Стало ясно, что все усилия Шульце и Матца пропали даром. Шарфюрер с грустью взглянул на своего приятеля:
— Я вижу, что у нас совсем ничего не получается, Матци. Поэтому давай-ка побыстрее выберемся отсюда, пока этот ублюдок, лицо которого уже позеленело от собственной вони, не отравит нас своим бздохом!
Они выскочили из унтер-фюрерской уборной. Выйдя на улицу, Шульце остановился и взглянул на побережье. Солнце уже вставало над горизонтом, окрашивая его в ярко-розовый оттенок. На фоне этого розового неба в воздух поднимались два огромных столба черного дыма — в том самом месте, где располагались основные здания и сооружения Бельвилля.
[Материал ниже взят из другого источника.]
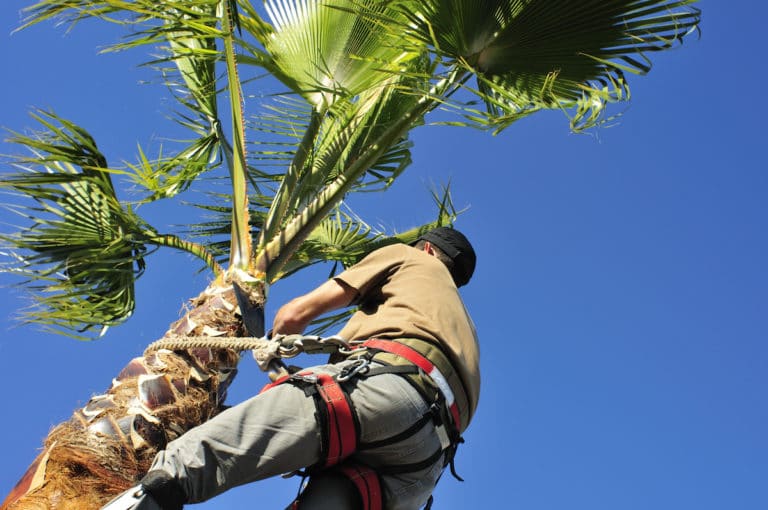 Hurricane Trimming Palm Trees tree trimming punta gorda fl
Позади же, в подернутых легкой туманной дымкой морских просторах, можно было явственно различить серо-стальные силуэты военных кораблей. Было очевидно, что операция британских коммандос по высадке на французское побережье была в самом разгаре, а части батальона СС «Вотан» еще не успели достичь расположения батареи Геббельса.